Tracing the Movement
The development of modal logic, the logic of necessity, possibility, and contingency, by C. I. Lewis, Rudolf Carnap, Saul Kripke, Ruth Barcan Marcus, and Arthur Prior in mid-century was an essential first step. Aristotle’s greatest discovery may have been the actual/potential distinction, which was universally rejected by early twentieth-century philosophers, like Bertrand Russell, Ludwig Wittgenstein, W. V. O. Quine, and the Vienna Circle. Modal logicians demonstrated that a coherent semantics and logic for the different modalities could be constructed.

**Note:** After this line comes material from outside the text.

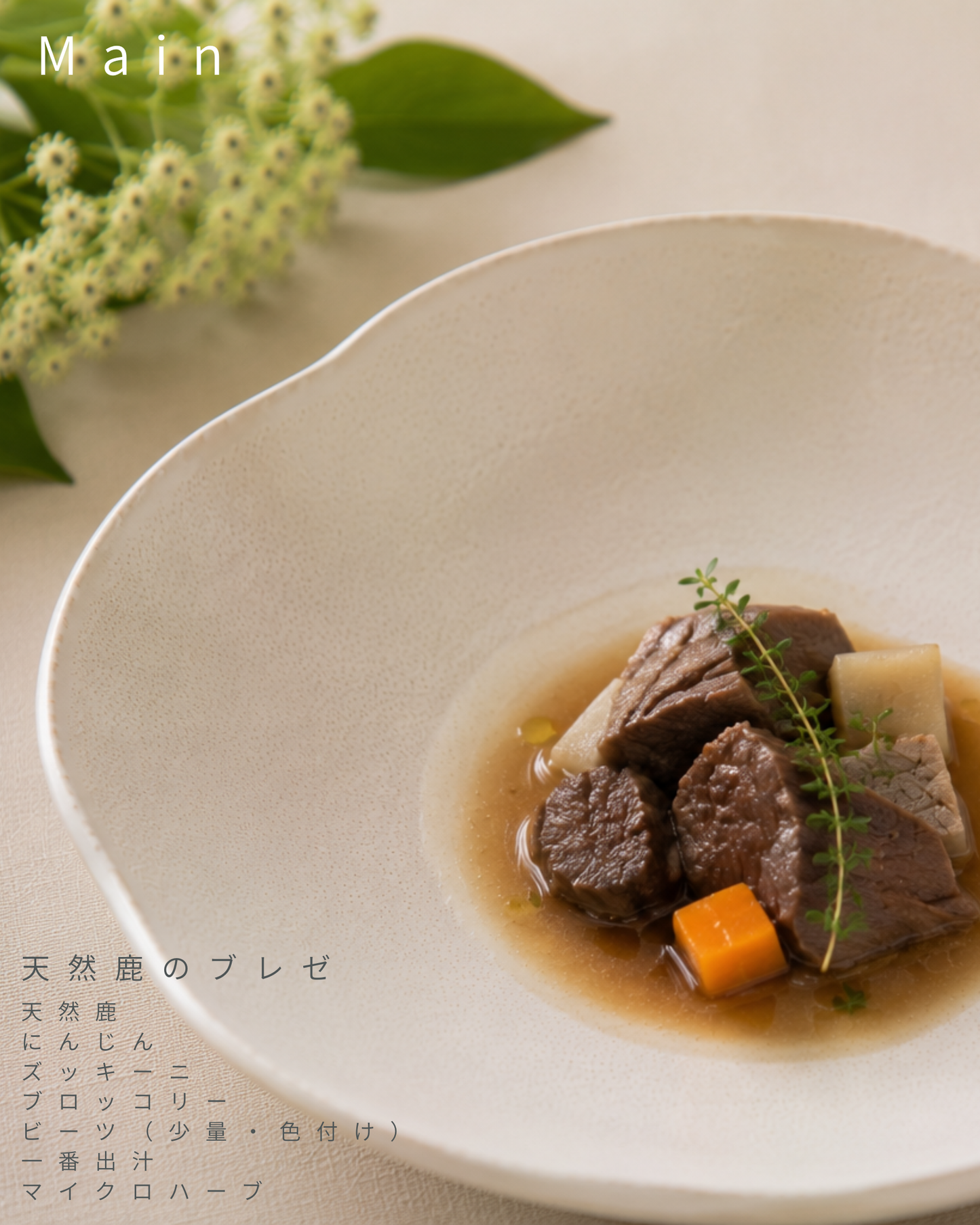 【東京都中目黒】8/8（土）～8/9（日）開催｜Maison HARENOHI TOKYO by CUUN｜愛犬のためのLIVE KITCHEN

A second crucial step in the process was the resuscitation of the notion of causation, which Bertrand Russell had dismissed in 1914 as a useless relic. G. E. M. (Elizabeth) Anscombe’s inaugural lecture at Cambridge in 1971, “Causality and Determination,” was a watershed event, followed closely by J. L. Mackie’s The Cement of the Universe (1974) and Rom Harré and E. H. Madden’s Causal Powers (1975). Michael Tooley (1993) contributed significantly to the case for causal realism. Interest in causal powers and dispositions accelerated at the end of the twentieth century and the beginning of the twenty-first, with pioneering work by C. B. Martin (who engaged in a crucial debate on dispositions with David Armstrong and U. T. Place in 1998), Alexander Bird (1998), Stephen Mumford (1998), Brian Ellis (1991 and 2001), myself (Realism Regained, 2000), and George Molnar (Causal Powers, 2003).

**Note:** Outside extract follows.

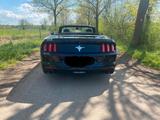 Ford Mustang 3,7l V6 TOP  4Rohr Grail Klappen neu  - Ford Mustang: Cabrio, V6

The strange new respect given to causation in the latter half of the twentieth century arose from important new insights drawn from the philosophy of language and epistemology. Edmund Gettier, in one of the most influential articles of the century, “Is Justified True Belief Knowledge?” (1963), posed a puzzle about the nature of knowledge that led to the recognition that a causal connection between the world and the sensory experience and memory of the observer is indispensable. Parallel investigations in the philosophy of language in the 1970’s by Keith Donnellan, Saul Kripke, and Gareth Evans revealed that the semantic connections between words and their meaning also rely on chains of causal connection.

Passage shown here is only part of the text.